You know why nobody has ever reviewed this book on Amazon? Because shoppers interested in a gigantic collection of academic papers on morphological theory are already AWARE of what it is, and don't need to be told about it. And anyone else will never, in fact, look at this review. So it's entirely a bizarre anachronism - a review that nobody will read, that has nothing useful to say.
This is, of course, a wonderful compilation of papers on morphology. It's chocked full of data (and yes, Mr. Zwicky, I'm consciously using 'chocked'), and tons of careful analysis. Most of the papers are theory-neutral, or nearly theory-neutral, and thus it is actually a nice general reference piece, since it won't become outdated. I think this was the general goal that the editors were shooting for, and they met it fabulously. When I want to know how different languages do something, for example Noun Incorporation, I can open up this book and have piles of lovely examples with intelligent commentary. Morphology being the mess that it is, there's not as much really clear organization as I'd like (lots of "Some languages do this, but others kind of do that, and then there's this thing - that we don't know WHAT...to do with") - but that's more to do with the state of morphology than the state of this book. The syntax, phonology, and semantics books in this series are all beautifully organized, and, paradoxically, much more apt to go out of date.

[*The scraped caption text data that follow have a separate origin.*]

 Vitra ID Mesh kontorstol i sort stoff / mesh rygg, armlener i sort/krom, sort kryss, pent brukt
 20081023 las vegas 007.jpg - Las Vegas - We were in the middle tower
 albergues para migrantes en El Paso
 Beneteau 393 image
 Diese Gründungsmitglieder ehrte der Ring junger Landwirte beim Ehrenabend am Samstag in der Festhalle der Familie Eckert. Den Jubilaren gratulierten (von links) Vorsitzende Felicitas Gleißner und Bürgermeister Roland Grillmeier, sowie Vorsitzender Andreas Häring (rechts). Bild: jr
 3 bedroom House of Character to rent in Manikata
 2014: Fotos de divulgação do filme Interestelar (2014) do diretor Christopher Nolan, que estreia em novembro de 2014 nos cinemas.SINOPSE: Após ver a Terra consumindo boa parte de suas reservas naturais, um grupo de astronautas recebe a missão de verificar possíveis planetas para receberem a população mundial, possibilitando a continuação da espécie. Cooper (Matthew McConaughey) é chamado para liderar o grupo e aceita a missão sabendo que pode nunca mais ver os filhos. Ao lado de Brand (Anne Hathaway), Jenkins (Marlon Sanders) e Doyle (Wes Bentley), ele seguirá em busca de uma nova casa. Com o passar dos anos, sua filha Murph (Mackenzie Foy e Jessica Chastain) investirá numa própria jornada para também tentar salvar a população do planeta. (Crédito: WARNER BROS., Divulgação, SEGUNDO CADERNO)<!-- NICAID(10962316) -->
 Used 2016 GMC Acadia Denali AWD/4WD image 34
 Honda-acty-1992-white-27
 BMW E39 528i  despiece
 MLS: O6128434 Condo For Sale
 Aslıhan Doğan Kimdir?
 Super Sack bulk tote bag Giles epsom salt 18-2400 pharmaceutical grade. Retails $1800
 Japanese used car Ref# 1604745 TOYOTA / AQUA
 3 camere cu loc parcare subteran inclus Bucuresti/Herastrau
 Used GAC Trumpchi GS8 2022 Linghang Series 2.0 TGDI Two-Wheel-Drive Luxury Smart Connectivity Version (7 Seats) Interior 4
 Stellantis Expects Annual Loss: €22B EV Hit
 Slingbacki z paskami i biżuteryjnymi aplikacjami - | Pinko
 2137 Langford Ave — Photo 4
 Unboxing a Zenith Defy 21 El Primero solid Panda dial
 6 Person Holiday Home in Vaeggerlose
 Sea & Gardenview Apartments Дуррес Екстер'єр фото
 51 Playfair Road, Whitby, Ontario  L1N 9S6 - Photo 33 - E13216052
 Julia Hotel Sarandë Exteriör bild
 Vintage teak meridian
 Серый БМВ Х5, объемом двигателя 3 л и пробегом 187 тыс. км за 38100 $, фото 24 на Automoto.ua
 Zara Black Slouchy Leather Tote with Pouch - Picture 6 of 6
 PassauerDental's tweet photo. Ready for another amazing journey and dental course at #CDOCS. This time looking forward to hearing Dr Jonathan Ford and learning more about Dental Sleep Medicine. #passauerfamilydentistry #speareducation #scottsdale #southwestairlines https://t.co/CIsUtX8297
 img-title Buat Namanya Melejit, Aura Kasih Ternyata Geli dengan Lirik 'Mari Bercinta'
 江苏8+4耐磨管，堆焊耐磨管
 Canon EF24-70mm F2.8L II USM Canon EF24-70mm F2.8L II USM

But you probably already know this. If you didn't, you wouldn't be looking at this book - you'd be off digging up a used copy of "M is for Mush-For-Brains" by Sue Grafton-Higgins Clark. And then you wouldn't have any clue what I'm talking about, and probably too busy being led astray by William Safire or Richard Lederer to bother trying to find out.
This is only one book in the series - it is a behemoth, though, so get a cupcake for the mailman when he delivers it to you.